Within the entries below, find every line that has the string "Gallery", then copy it.
** Opening LISTED ENTRIES block **
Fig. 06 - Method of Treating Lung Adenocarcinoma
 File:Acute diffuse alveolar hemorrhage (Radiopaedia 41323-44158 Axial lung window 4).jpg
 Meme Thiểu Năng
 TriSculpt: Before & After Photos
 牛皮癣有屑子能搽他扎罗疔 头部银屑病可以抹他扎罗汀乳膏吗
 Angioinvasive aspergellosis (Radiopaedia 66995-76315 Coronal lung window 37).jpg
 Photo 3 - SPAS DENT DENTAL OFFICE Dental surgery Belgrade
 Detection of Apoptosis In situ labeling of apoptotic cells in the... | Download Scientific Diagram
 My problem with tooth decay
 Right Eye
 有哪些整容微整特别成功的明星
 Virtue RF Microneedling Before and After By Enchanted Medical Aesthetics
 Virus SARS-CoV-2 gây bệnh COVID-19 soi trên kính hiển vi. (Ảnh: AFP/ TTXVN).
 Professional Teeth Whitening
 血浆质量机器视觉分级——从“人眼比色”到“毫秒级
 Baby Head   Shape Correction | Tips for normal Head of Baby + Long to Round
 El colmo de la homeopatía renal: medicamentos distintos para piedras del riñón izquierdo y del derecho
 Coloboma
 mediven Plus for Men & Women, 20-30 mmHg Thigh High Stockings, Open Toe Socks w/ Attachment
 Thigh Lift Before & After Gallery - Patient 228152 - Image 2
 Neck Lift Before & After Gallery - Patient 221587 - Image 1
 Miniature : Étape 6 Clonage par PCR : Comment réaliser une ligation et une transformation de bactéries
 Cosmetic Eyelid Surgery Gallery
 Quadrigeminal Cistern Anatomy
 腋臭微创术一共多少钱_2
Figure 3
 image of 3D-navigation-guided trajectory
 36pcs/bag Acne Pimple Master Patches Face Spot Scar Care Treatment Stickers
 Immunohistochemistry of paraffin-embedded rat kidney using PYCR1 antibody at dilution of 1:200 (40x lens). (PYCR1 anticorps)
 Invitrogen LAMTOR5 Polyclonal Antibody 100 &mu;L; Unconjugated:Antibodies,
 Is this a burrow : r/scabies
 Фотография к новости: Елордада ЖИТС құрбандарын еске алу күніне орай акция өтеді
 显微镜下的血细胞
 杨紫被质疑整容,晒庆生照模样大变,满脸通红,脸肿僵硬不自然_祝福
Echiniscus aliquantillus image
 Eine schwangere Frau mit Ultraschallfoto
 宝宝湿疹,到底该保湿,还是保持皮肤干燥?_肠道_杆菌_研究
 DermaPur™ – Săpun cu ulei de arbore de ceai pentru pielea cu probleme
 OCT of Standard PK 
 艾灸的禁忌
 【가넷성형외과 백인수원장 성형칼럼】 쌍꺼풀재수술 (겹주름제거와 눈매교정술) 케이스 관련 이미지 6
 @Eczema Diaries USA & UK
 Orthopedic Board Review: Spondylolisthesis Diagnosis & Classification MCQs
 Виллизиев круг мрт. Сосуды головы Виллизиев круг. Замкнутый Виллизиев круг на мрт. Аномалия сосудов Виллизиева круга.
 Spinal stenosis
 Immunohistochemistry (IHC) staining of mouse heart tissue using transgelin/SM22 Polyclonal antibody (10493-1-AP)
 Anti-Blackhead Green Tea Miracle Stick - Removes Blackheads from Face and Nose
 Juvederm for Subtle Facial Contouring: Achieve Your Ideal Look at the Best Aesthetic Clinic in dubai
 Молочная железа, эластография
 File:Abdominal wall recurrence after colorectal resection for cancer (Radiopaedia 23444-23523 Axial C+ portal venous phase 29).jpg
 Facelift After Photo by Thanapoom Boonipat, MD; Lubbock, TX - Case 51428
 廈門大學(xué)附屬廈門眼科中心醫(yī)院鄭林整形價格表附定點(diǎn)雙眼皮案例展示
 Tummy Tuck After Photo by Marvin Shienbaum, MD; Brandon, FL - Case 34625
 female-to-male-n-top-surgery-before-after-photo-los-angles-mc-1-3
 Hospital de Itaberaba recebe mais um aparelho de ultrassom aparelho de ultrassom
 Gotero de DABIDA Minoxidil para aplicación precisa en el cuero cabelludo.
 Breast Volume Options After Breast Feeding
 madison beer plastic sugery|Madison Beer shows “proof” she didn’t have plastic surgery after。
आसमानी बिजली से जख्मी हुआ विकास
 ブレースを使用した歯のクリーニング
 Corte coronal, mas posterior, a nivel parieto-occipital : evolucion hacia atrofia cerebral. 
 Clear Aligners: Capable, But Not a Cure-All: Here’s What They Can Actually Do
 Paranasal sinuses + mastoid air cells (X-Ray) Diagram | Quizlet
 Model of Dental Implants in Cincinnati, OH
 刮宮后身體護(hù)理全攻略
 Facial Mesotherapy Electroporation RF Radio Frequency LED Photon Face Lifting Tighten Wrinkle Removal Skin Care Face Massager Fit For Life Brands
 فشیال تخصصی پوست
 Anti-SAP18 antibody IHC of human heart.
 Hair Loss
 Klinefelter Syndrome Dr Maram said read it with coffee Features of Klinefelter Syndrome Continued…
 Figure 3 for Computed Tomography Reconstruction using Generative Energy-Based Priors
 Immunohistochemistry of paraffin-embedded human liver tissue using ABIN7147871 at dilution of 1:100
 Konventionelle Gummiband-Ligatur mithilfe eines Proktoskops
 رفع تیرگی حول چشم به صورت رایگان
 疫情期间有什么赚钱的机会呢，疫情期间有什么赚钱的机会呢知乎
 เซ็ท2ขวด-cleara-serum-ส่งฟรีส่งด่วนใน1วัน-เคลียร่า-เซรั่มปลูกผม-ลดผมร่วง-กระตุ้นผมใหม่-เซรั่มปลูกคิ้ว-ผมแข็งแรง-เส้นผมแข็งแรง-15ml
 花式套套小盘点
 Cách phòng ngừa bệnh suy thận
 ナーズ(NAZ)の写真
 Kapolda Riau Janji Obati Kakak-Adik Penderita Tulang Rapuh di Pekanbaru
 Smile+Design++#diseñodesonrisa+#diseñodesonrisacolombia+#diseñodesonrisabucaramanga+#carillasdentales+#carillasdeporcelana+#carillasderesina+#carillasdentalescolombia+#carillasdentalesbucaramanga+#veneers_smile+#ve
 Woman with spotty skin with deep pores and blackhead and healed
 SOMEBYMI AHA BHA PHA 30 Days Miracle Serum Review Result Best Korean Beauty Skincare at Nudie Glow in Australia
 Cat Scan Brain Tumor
** Closing LISTED ENTRIES block **
_TASK SOLUTION:_
 Thigh Lift Before & After Gallery - Patient 228152 - Image 2
 Neck Lift Before & After Gallery - Patient 221587 - Image 1
 Cosmetic Eyelid Surgery Gallery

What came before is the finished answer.